Read on for the chefs’ tips, which span multiple aspects of baking at home — from the all-important measuring of ingredients to putting the finishing touches on your baked goods, from choosing helpful reading materials to buying useful equipment (and ignoring useless equipment), from knowing your oven to not being afraid of experimentation.

You do have a proper kitchen scale, don’t you? Now, get ready to get in the kitchen and bake the best cookies of your life.

(Are you a pastry chef at a Boston-area restaurant with some advice to share on this topic? Send us an email; this guide will be updated periodically to include more tips.)

Adam Ross, pastry chef at Deadhorse Hill

"It's always a good idea to start simple, especially if you're just starting out or trying something new for the first time. That being said, don't limit yourself or think there's a recipe or technique you cannot accomplish at home! Regardless of the technical difficulty of the recipe, whether you're trying to find the perfect chocolate chip cookie or attempting lamination, always take notes on what you're making, how you're going about making it, and what you liked or didn't like about the finished product. Failures in baking are all but guaranteed; it's what you learn from failing that will really help you excel."

Alex Bonnefoi, pastry chef at Strip by Strega

Alex Bonnefoi Provided

"Start with something easy, like cookies. With so many different cookie recipes, the baker will not get bored but can practice all year long for holidays and special occasions."

Amanda Baker, pastry chef at State Street Provisions

Amanda Baker Provided

"Read your recipe fully before starting your project. People get excited with pictures and titles of dessert, but allowing yourself to read through the recipe beforehand will give you confidence in the kitchen."

Ashley Low, head baker at Loyal Nine

"Egg wash. I put it on everything: scones, brioche, pie crust. It takes just a second to throw together, and it gives anything with a crust that little extra sass."

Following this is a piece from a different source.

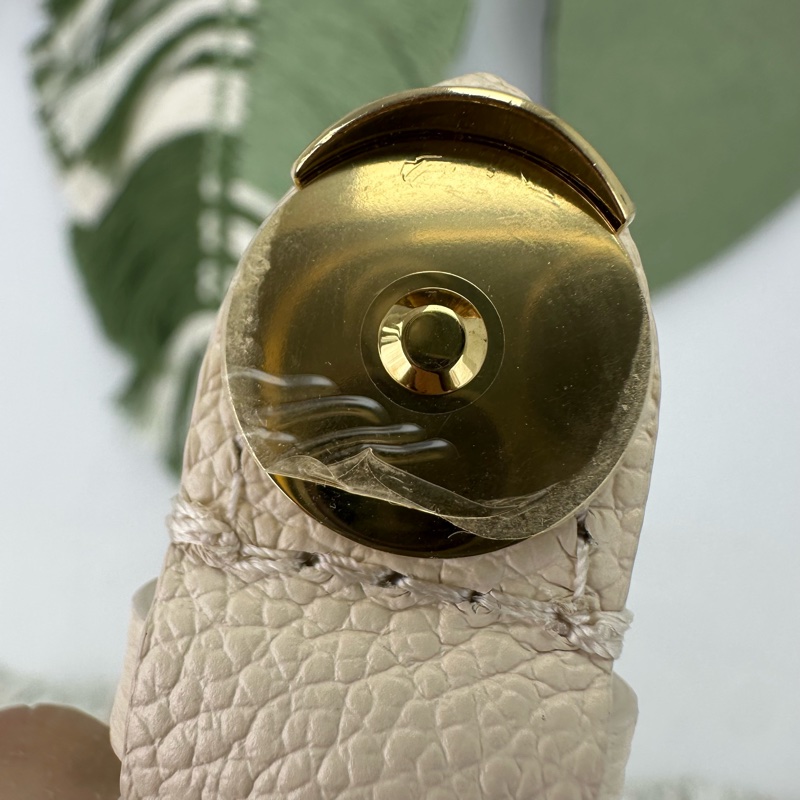 LV BACKUP 奶油色真皮壓紋背包 晶片款 2025年-13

Ben Dorn, pastry chef at Saltbox Kitchen

Ben Dorn Provided

"Invest in a scale. It may take a few minutes to convert ingredient amounts from volume measurements to weights, but you will only have to do this once for each ingredient. As you use different ingredients, you will continue to build this reference tool. Not only will this yield more consistent results, it will make clean up easier."

Brianne "Bee" McCaughin

Brianne "Bee" McCaughin Provided

"Start with the basics! Find a cookbook that inspires you but also lays out the essentials really well. Learn the core recipes — a really great pate brisee (pie dough) recipe or a classic buttermilk cake can be imagined and adapted into almost anything your heart desires!"

Carla Pallotta, co-owner of Nebo (and head of the dessert program)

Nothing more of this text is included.